In fact, I have a really useful video on learning how to hip hinge and pick objects up off the floor below, check it out.
It is also very important to brace your abdominal wall whilst lifting heavy objects such as weights or furniture.
Now the body normally does this automatically as a natural spine protection mechanism but it doesn’t hurt to practice this to ensure you are keeping your spine safe.
Learn abdominal bracing below:
Let me repeat, a sedentary lifestyle is not healthy for the body and the same rule applies to your spine.
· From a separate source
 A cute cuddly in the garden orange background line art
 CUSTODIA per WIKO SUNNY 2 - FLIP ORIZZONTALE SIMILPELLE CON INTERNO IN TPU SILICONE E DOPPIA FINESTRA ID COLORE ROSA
How to keep yourself pain free
– If you sit a lot due to work get up once every hour and move around more
– If you stand a lot at work sit down from time to time and actually lean back and relax
– Make sure your work desk is set up correctly to avoid back pain
– If you go to the gym, ensure your spine is held in a stable neutral position when performing exercises such as deadlifts and squats
– Keep your core strong which can help to stabilize your spine during activities – you can check out some beginner exercises below
Forget trying to find the perfect posture if you’re experiencing pain associated with posture; step back and analyze the positions you sit, stand, walk, or exercise in daily.
You first need to understand what has brought about the pain and why it hurts and then formulate a plan of attack to overcome that pain and a change in static or standstill posture is a must.